There was no use pressing this with Erica—she had never been plagued by images of the Big Picture. Fact: Dillon Cole had shattered the law of entropy before he died in the Backwash. But how? Even now, in the places Dillon Cole had trodden, order still flowed from disorder, defying the most basic law of physics. With the law of entropy suddenly removed from the foundation, what, at the end of the day, would be left standing?

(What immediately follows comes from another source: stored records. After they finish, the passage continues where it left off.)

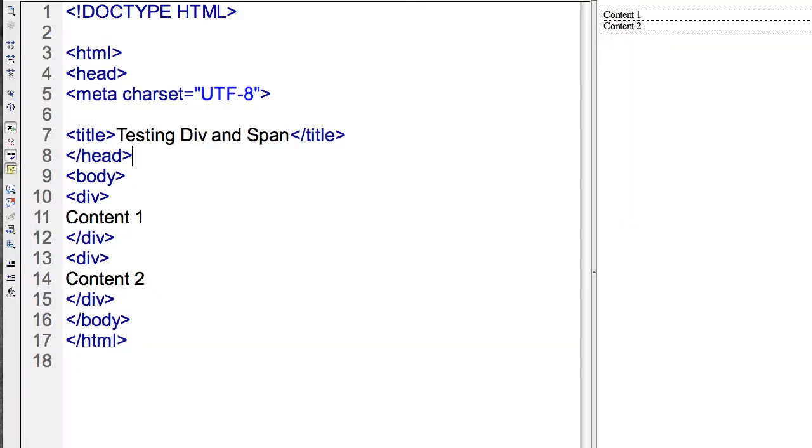So, here we'll take a look at some differences between block tags and inline tags.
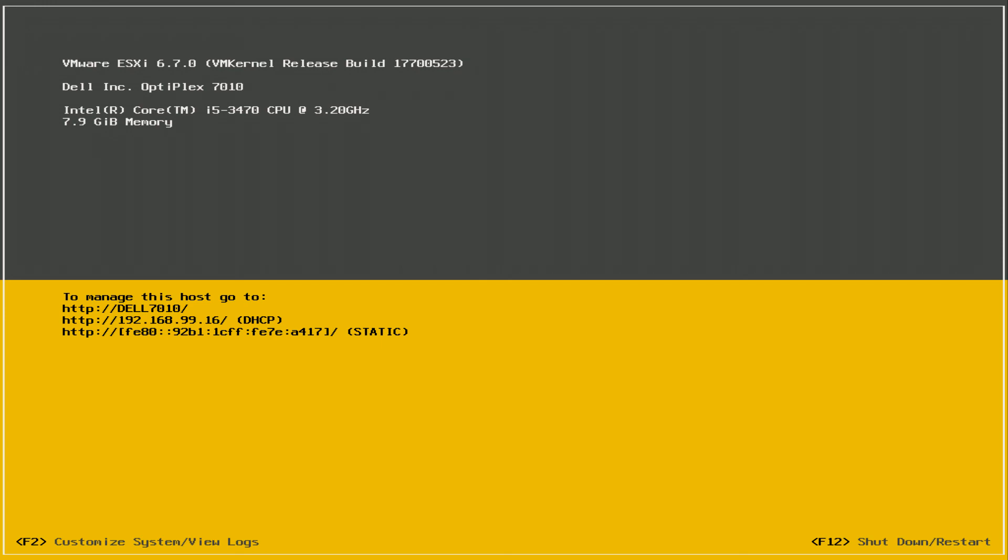And as you can see, the device has booted up just fine with the newly imaged USB drive.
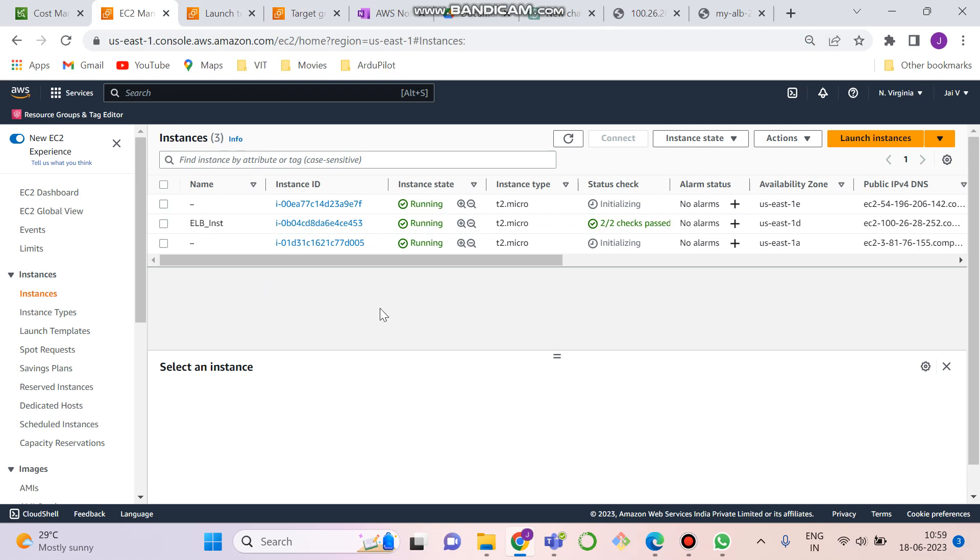Hello everybody and welcome to another session of AWS. I am Jay Vilatkar and today I am going to explain you about how to use elastic load balancer and auto scaling group to scale EC2 instance.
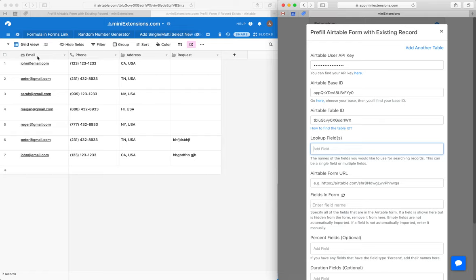Now if you need multiple fields, if you want to confirm, let's say the email and phone, so you do some cross confirming so that the user is definitely that person, you can add multiple field names here.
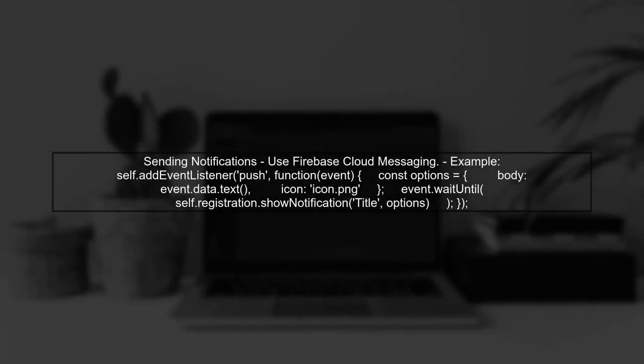Finally, you can send notifications using the service worker. This requires a push service to handle the notifications. You can use libraries like Firebase Cloud Messaging for this purpose.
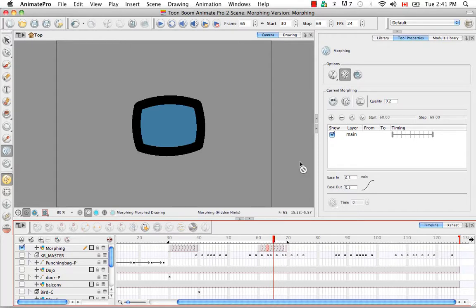So that's it for the tutorial adjusting the velocity and timing. Stay tuned for the next tutorial morphing tool and hints.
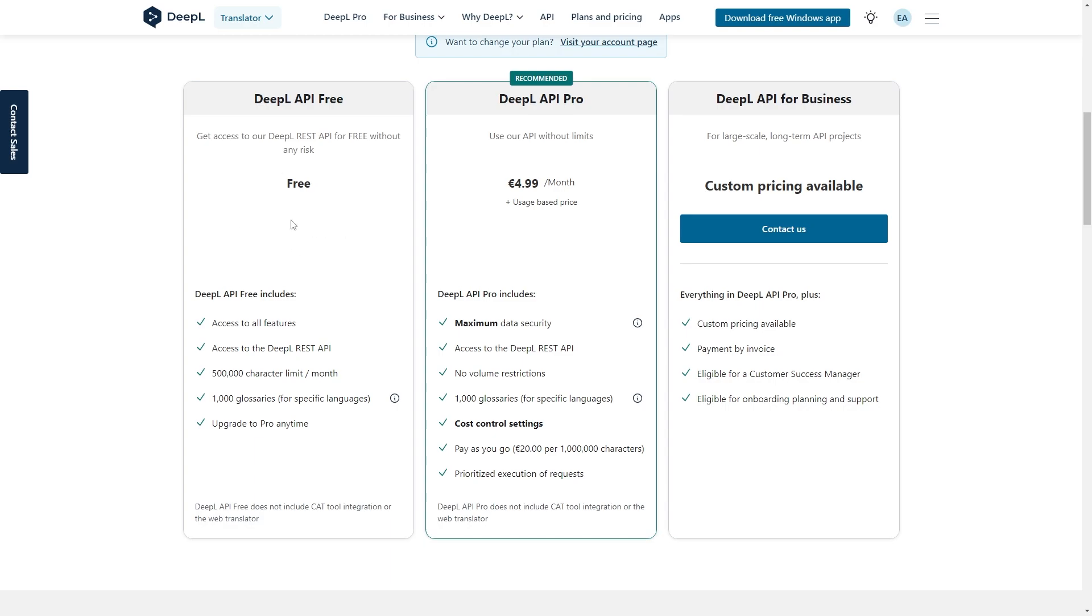So if you've already got a normal DeepL account but not one of these, you will actually need to sign up again just through this section here.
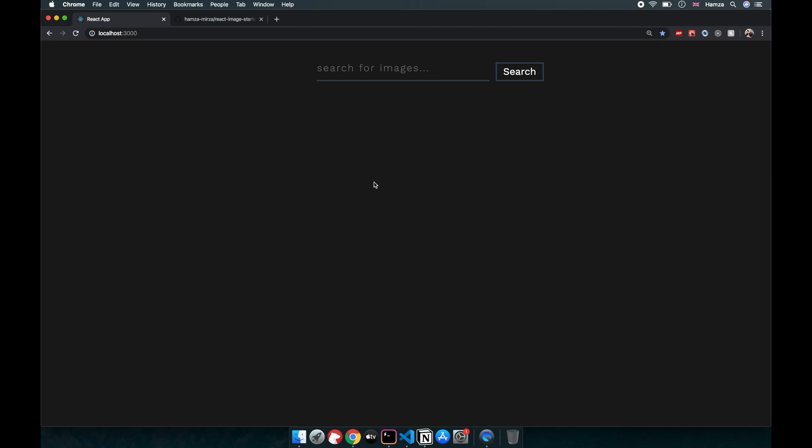Hello everyone and welcome back to my channel. In this lesson we are going to build an image search application in React. This project is basically a replacement for my recipe search project that I created about a year ago. Unfortunately the API I used in that project, which was Food to Fork, has been shut down. So a lot of people were messaging me saying they could not follow along, so I thought it would be a good idea to create something similar but using a different API.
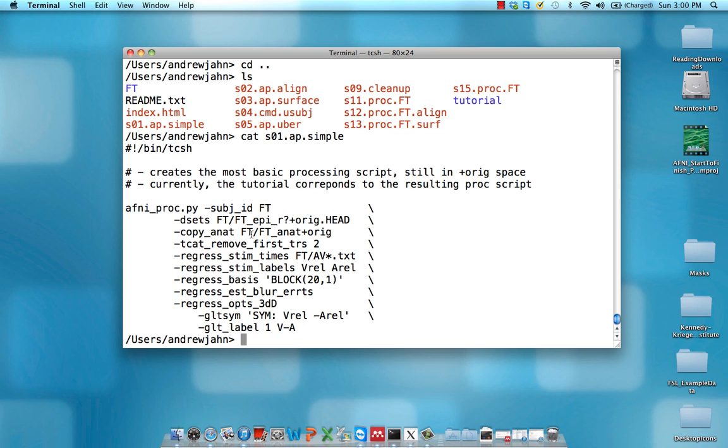Copy ANAT, that just makes a copy of your anatomical data set and stores it in a separate directory. So in here, FT, and that's going to be called FT underscore ANAT.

You think too much, Erica was fond of reminding Maddy. “You know what I did the day the dam broke?” said Erica. “I had a Backwash party. We poured Vodka into Kahlua until we couldn’t tell which way was up, so it didn’t matter where the hell the water was going.”

“That’s what I love about you, Erica. The only proof you need is 180.”

A team of junior executives hurried past. One of them caught Maddy’s eye. He was no older than herself, twenty-two or so, tops. He noticed her gaze, and held eye contact just long enough to ac­knowledge it before vanishing into the crowd.

“Roll in that tongue, Madeline,” Erica said with a smirk. “What would Mom say?”

“She’d say to bring one home for her.”

Maddy thought back to her tally of distracting, if not quite fulfill­ing, relationships at the academy, and wondered what opportunities her new assignment might provide. She shouldered her carry-on. “I’d better go or I’ll miss my flight.”